_ASSIGNED TASK:_ Repeat each line of the material below exactly as it appears, minus any pictures.

_DATA BLOCK:_
○ ○ ○ ○ ○
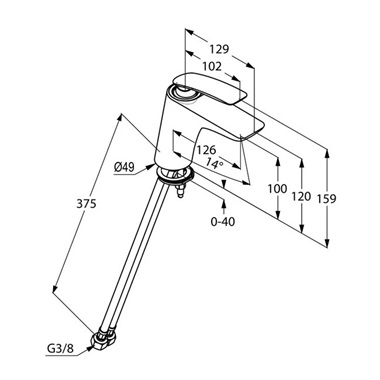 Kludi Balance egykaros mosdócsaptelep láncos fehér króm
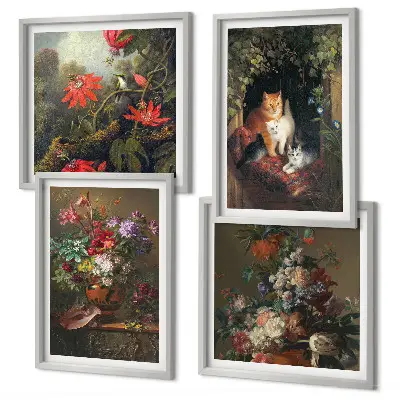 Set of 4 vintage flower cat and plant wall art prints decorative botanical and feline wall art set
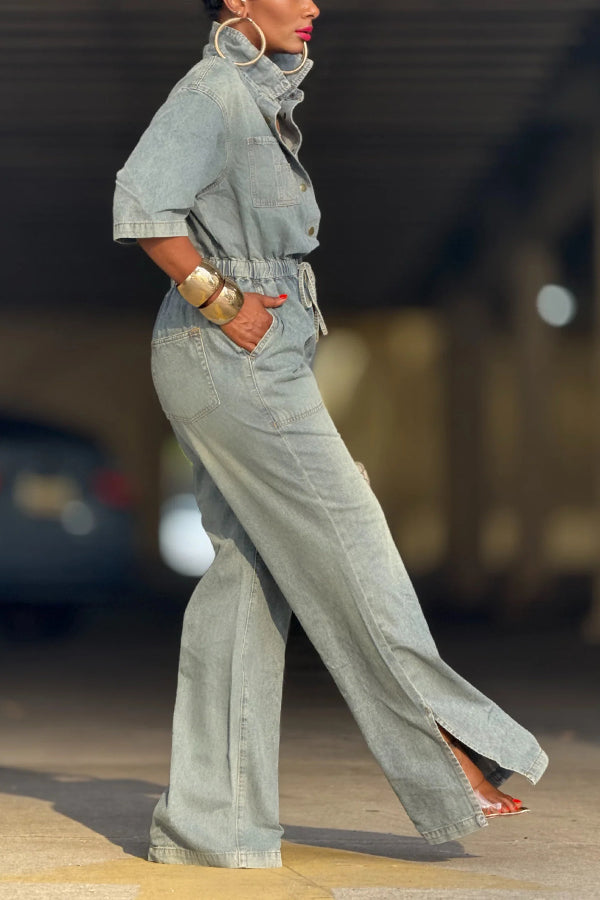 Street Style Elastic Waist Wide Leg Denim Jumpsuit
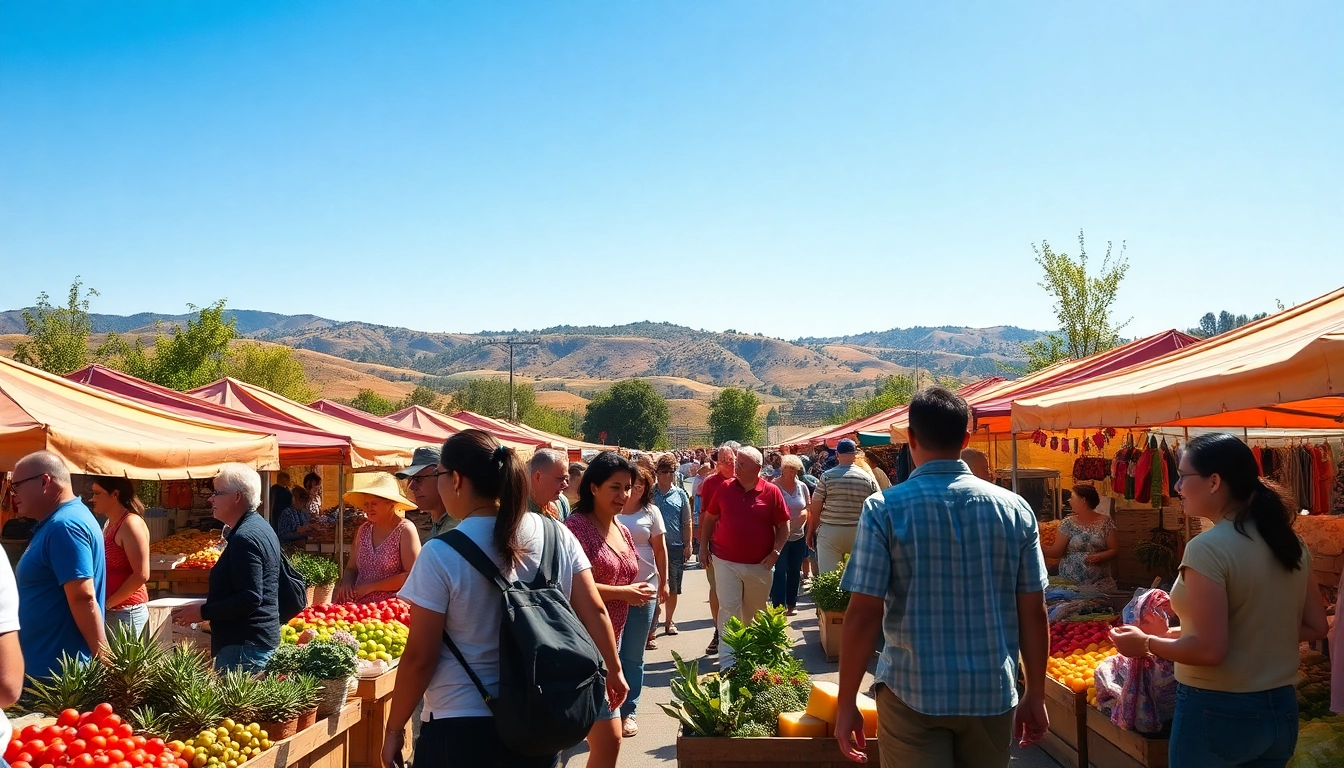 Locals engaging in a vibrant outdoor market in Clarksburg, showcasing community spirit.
○ ○ ○ ○ ○
_WORKED SOLUTION:_
 Kludi Balance egykaros mosdócsaptelep láncos fehér króm
 Set of 4 vintage flower cat and plant wall art prints decorative botanical and feline wall art set
 Street Style Elastic Waist Wide Leg Denim Jumpsuit
 Locals engaging in a vibrant outdoor market in Clarksburg, showcasing community spirit.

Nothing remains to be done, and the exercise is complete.